Week in review 15 August 2014
This week CSO covered the risk of Spear Phishing attacks and some ways to defend against such attacks. A large data breach affecting a food company was uncovered in the US; it looks like it may have been caused by Point of Sale software infected with malware. Google announced that Gmail will be subject to extra email filtering in an effort to reduce spam.
New research from Symantec indicates that most malware no longer stops running when installed on a virtual machine. Finally, Google announced more safety features for browsers. Phishing sites are on the rise compared to last year, and the risk is reaching a critical point, according to this article from CSO. What is extraordinary is that approximately 32.7 % of PCs globally are infected with some form of malware.

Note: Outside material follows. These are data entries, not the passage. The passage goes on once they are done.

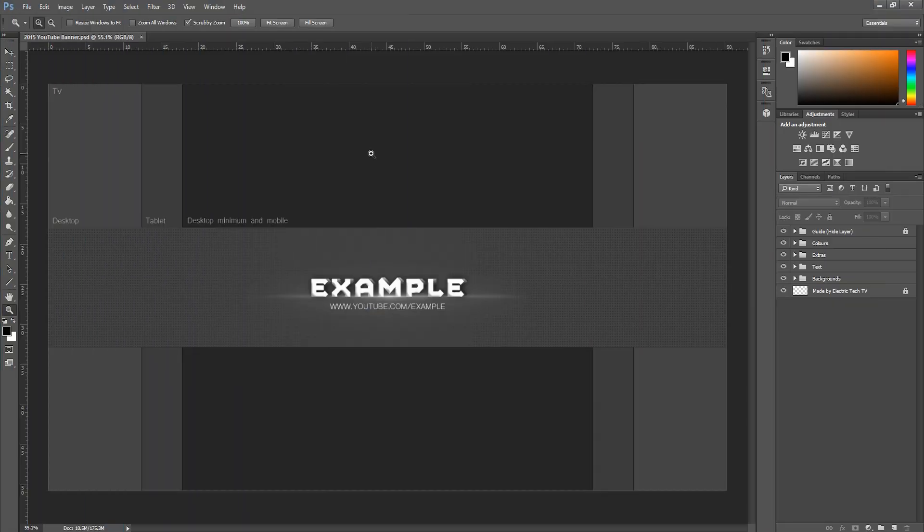Welcome back to another video. In this video I'll be showing you this new template I've just made. This is for the YouTube banner.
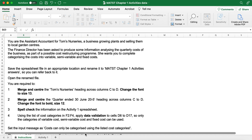Form Books Tutorial Chapter 1. You are the Assistant Accountant of Tom's Nursery, a business growing plants and selling them to local garden centres. The Finance Director has been asked to produce information analysing the quarterly costs of the business as part of a possible cost restructuring programme. She wants you to complete categorising the costs into variable, semi-variable and fixed costs.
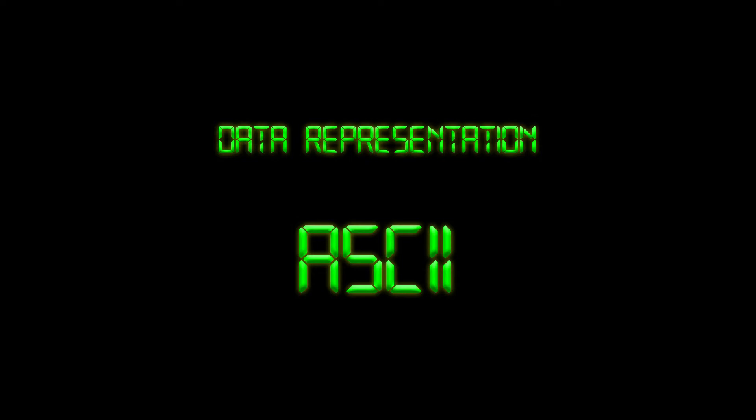Hello Year 7 and welcome to your second lesson in data representation, where we're going to be covering ASCII.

The article goes on to talk about various ways to defend against the threats, and how to recover if you have an infected machine. A large data breach looks to have occurred in the USA involving a sandwich chain called “Jimmy John’s”. Although the company is still investigating the extent of the breach, suspicion is falling on POS software used by the company. POS software can become infected with malware, leading to data breaches. Google announced extra features for its Gmail service.

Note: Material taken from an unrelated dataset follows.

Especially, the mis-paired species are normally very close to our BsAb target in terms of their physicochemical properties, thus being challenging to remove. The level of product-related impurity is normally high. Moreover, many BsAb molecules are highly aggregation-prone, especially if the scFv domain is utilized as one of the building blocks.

These extra features are designed to block cleverly crafted spam email. Specifically, characters from other alphabets (such as Latin and Cyrillic) that look similar to English characters but are substituted for English characters may lead to an email being blocked. As the problem of spam grows, we at MailShark expect email filtering to become the norm. CSO reported on a new finding from Symantec concerning malware running on Virtual Machines (VM). It used to be the case that malware would detect it was running on a VM, and simply shutdown. Latest findings by Symantec show that only 18 percent of malware programs shutdown when run on a VM.
This does make it a little easier for researchers when analysing malware. Finally, Google made an announcement regarding their “Safe Browsing” service. Safe Browsing has the aim of alerting users to possibly malicious sites. Google refers to any software that makes changes to a PC without telling the user about the changes as “deceptive software”. One of the enhancements alerts users to sites that contain deceptive software.